# Preseason Game #5: Sixers VS Cavaliers - Oct. 20, 2005 7:00 PM EST



## Kunlun (Jun 22, 2003)

*VS*







This is the second time we face the Cavaliers during preseason. We beat them last time and I think we will be doing that again.


----------



## L (Sep 20, 2005)

is AI playin?


----------



## Harry_Minge (Oct 4, 2005)

i`ll just phone mo up and find out??

doh!!


----------



## Kunlun (Jun 22, 2003)

inuyasha232 said:


> is AI playin?


Not sure yet, but I kind of hope he isn't so our young players can show their game like Johnny Salmons did last game.


----------



## Rayza (Jul 21, 2004)

Kunlun said:


> Not sure yet, but I kind of hope he isn't so our young players can show their game like Johnny Salmons did last game.
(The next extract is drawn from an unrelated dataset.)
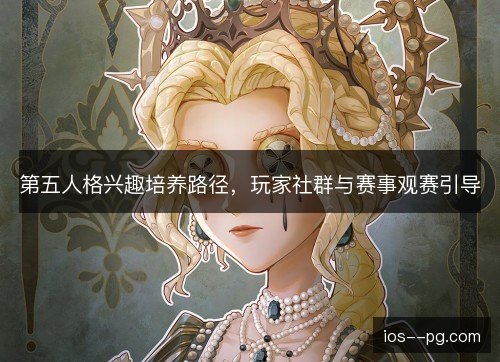 第五人格兴趣培养路径，玩家社群与赛事观赛引导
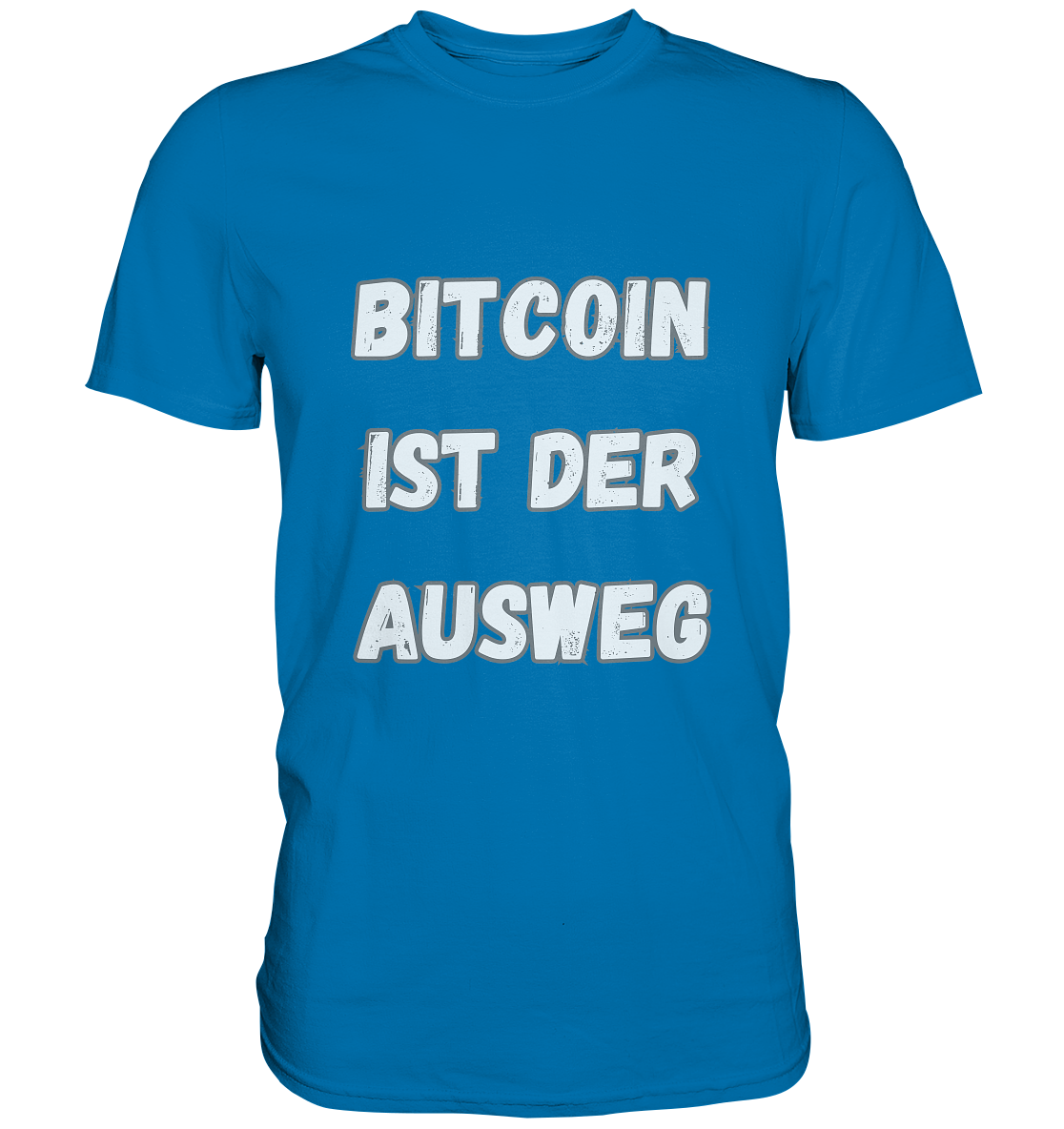 BITCOIN IST DER AUSWEG - Premium Shirt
I totally agree, i always reckoned preseason is about your roll players stepping up and getting the feel for the big time game. 

I really hope AI moves the ball around this season instead of occupying the bball for 2 long. He needs to realise we have a really good team (IMO).


----------



## BroadStBullies (Oct 2, 2005)

Iverson should sit.. let John and Louis get alot of time.. I'd like to see Louis get more time , in his limited role against the Knicks he looked pretty decent on offense, on defense he has along way to go.
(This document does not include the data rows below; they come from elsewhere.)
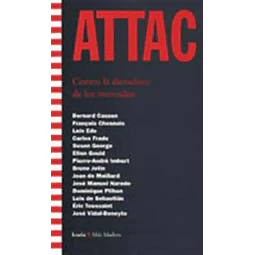 ATTAC Contra la dictadura de los mercados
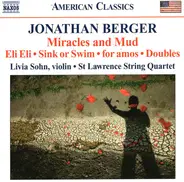 Jonathan Berger , Livia Sohn · St. Lawrence String Quartet - Miracles And Mud / Eli Eli · Sink Or Swim · For Amos · Doubles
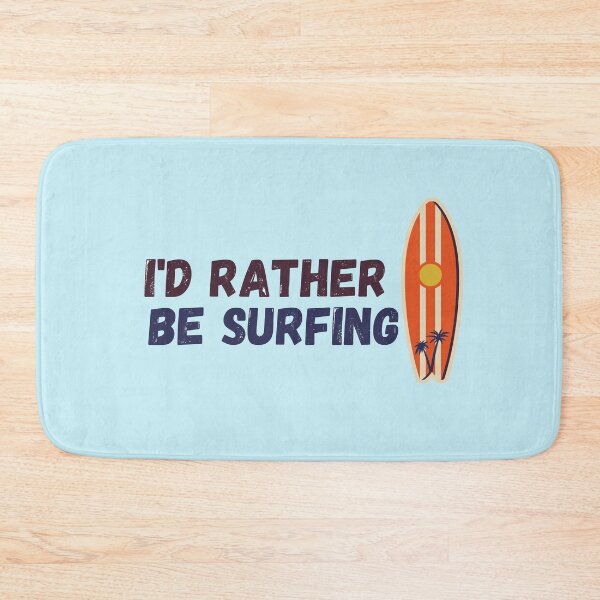 Item preview, I'd Rather Be Surfing designed and sold by Kindology.
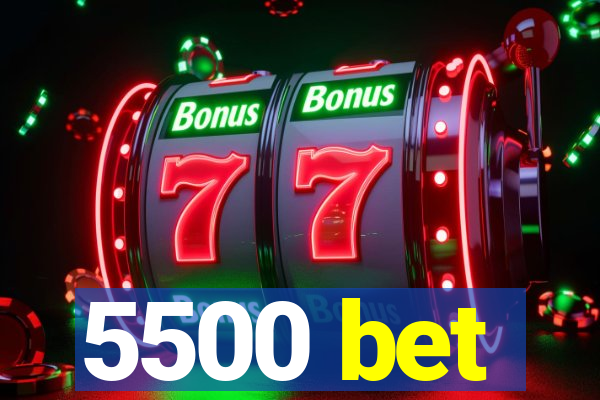 5500 bet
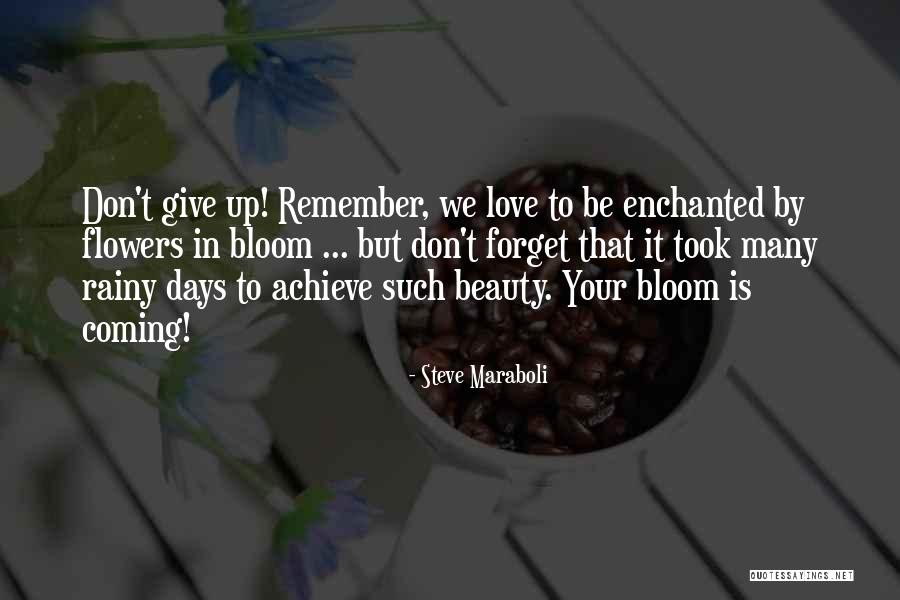 Rainy Days And Flowers Quotes By Steve Maraboli Rainy Days And Flowers Quotes By Steve Maraboli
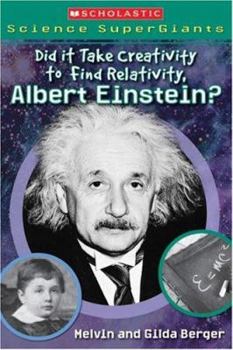 Paperback Did It Take Creativity to Find Relativity, Albert Einstein? (Scholastic Science Supergiants) Book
If Salmons can play a great role for us, that's a added player to this team, meaning we would be 8 deep now. Nailon, Hunter and John off the bench would be very nice.


----------



## Dizmatic (Apr 14, 2005)

Iverson drops 36 points. 15-33 from the field. Salmons was solid off the bench. Sixers lose 106-102.


----------



## Sixerfanforlife (Jun 23, 2005)

KILL me but that's the worse Analysts I have ever seen, Iverson takes 33 shots? Are you mad in his last game against San Antonio he only shot 18? And he has 7 assists to along with that, so to say he hasn't been sharing the basketball, I wish I was a mod these posts are sad. And Louis Williams didn't look 'decent' He was terrible sure he was able to penertrate but what about free throws? He was absouetly terrible from the line, it's a known fact. I'm worried about his free throw shooting, poor ball handling, and mediocre jump shot. He may have a nice future, but as for the present shut the **** up about him.


----------



## Kunlun (Jun 22, 2003)

Damn, I guess my prediction was wrong. The Cavs did have their entire starting lineup playing while we were missing Dalembert and Webber.


----------



## musiclexer (Aug 30, 2005)

how did Thomas do ?


----------



## The OUTLAW (Jun 13, 2002)

Kunlun said:


> Damn, I guess my prediction was wrong. The Cavs did have their entire starting lineup playing while we were missing Dalembert and Webber.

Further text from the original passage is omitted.